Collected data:
□ □ □
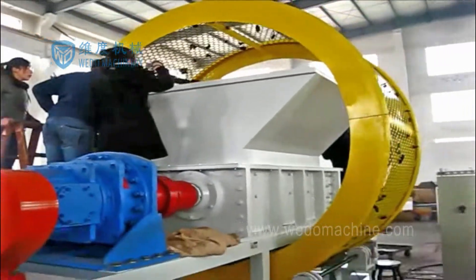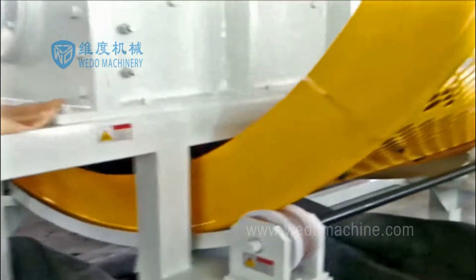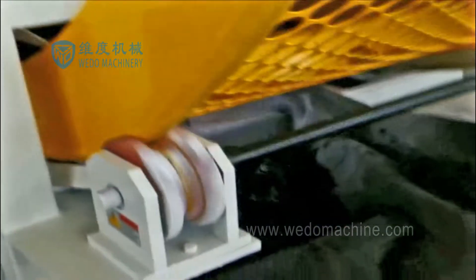We Do Machines Double Shaft Shredder is composed of a motor, hard tooth surface reducer, rotating cutter shaft, movable knife, frame, stand, box body, working platform, and other main structures.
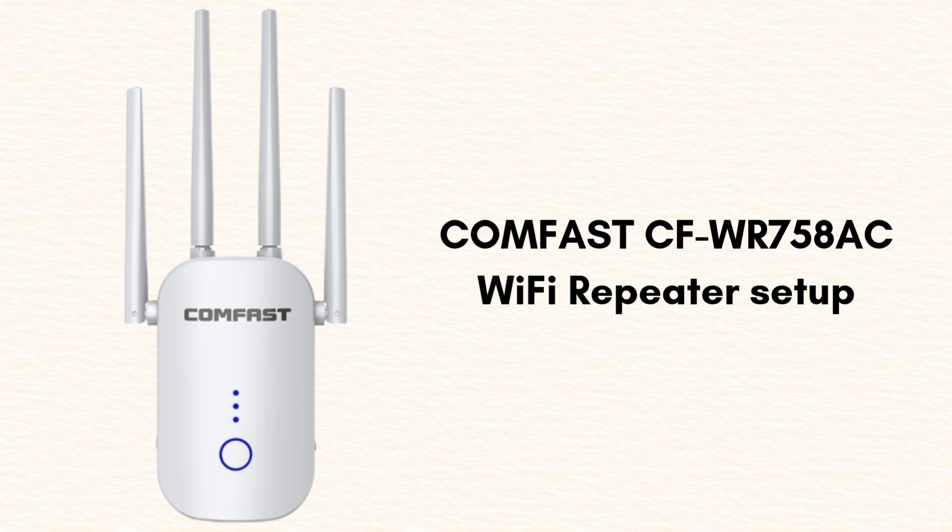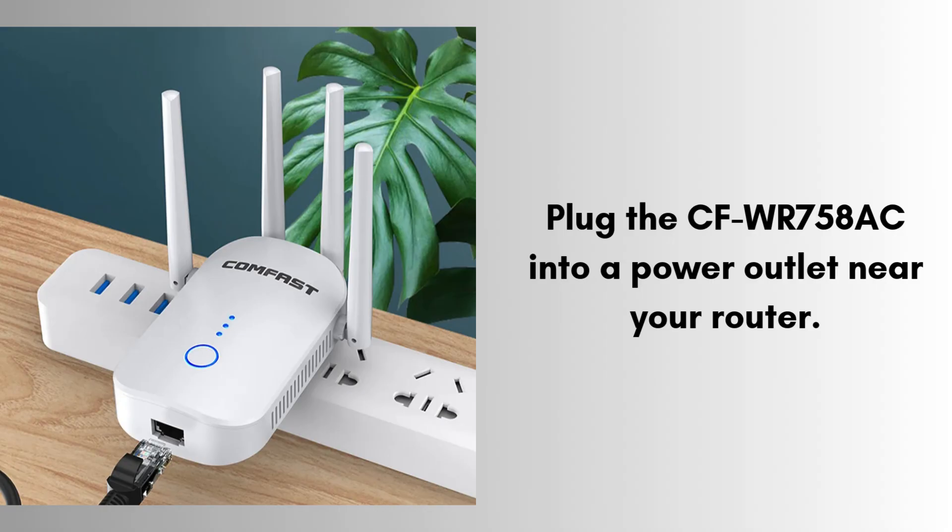In this video we will discuss how to set up the CumFast CFWR758AC Wi-Fi Repeater. The CumFast CFWR758AC is a dual-band Wi-Fi repeater that extends the coverage of existing wireless networks by boosting both 2.4 GHz and 5 GHz signals. It enhances connectivity in weak signal areas. So watch this video till the end — I hope it will prove helpful for you.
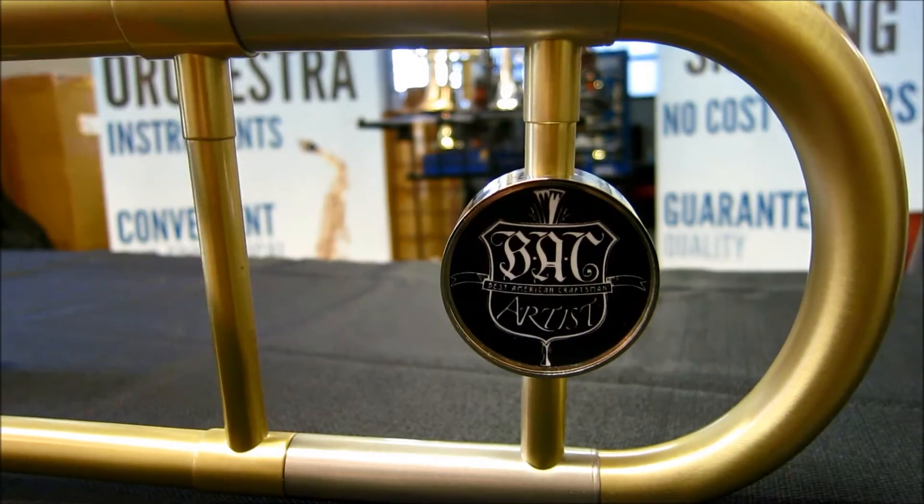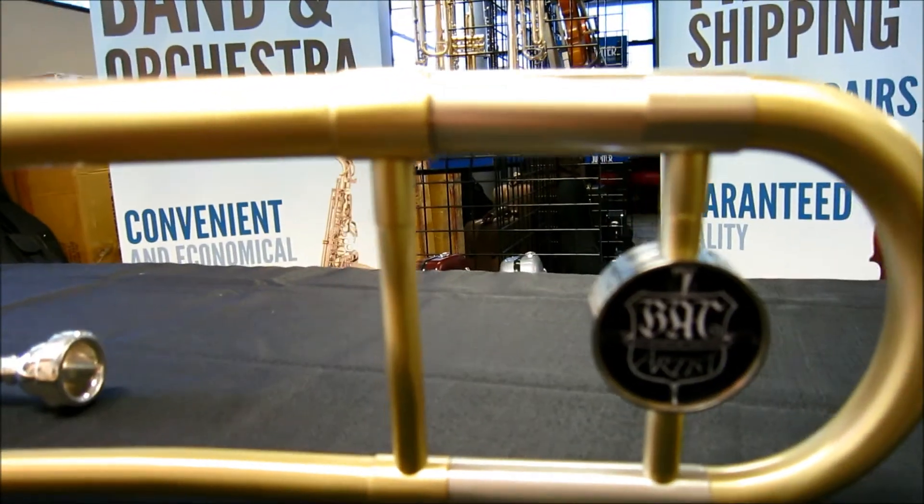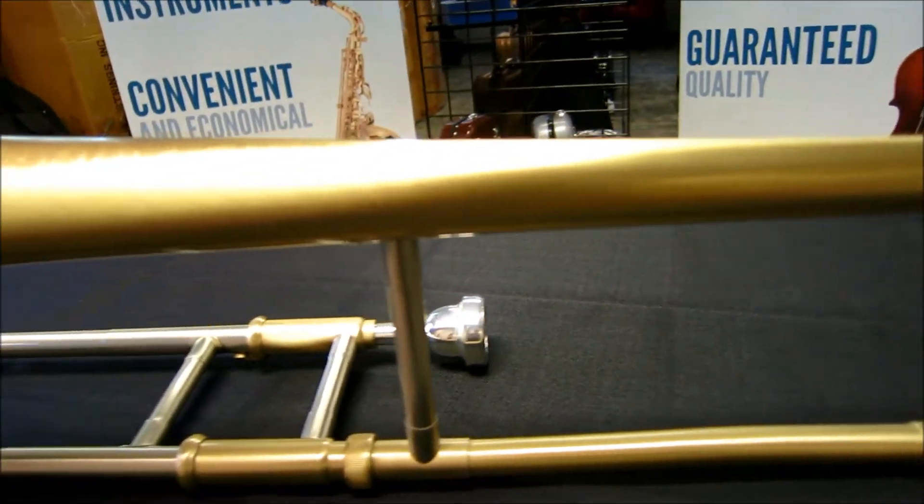Features of this Kansas City Model Trombone include a .500 inch bore, a hand engraved 8 inch yellow brass bell, and a nickel silver hand slide.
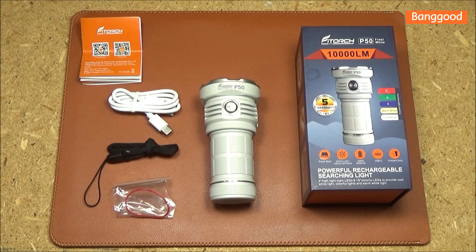This comes with a recharging cable, a lanyard, a spare o-ring, an instruction booklet, and a lithium-ion battery.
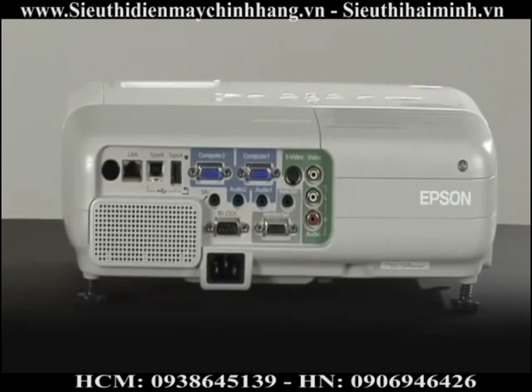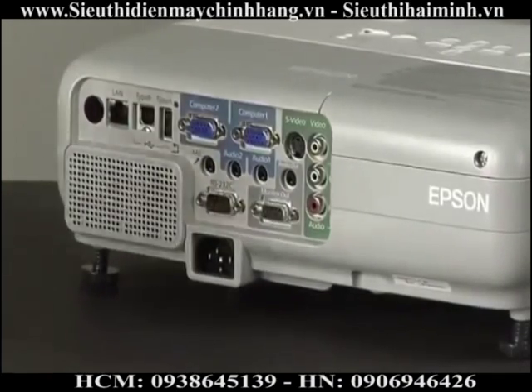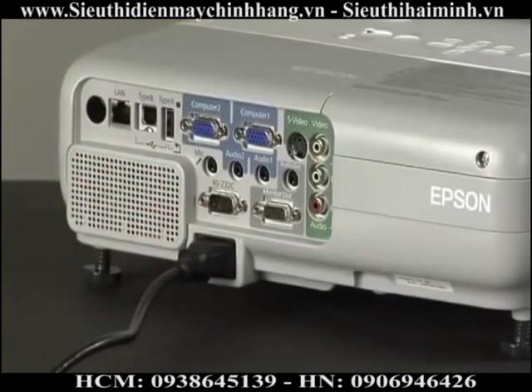The obvious connector to get out of the way first is the power connector. You will need to connect the power cable to the projector and plug it into the wall outlet when you are ready to use the projector.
□ □ □
* _WORK REQUIRED_
Beginning with the line holding "This comes with", copy each line exactly through the end of the records above, and leave every picture out.

* _WRITTEN RESPONSE_
This comes with a recharging cable, a lanyard, a spare o-ring, an instruction booklet, and a lithium-ion battery.
The obvious connector to get out of the way first is the power connector. You will need to connect the power cable to the projector and plug it into the wall outlet when you are ready to use the projector.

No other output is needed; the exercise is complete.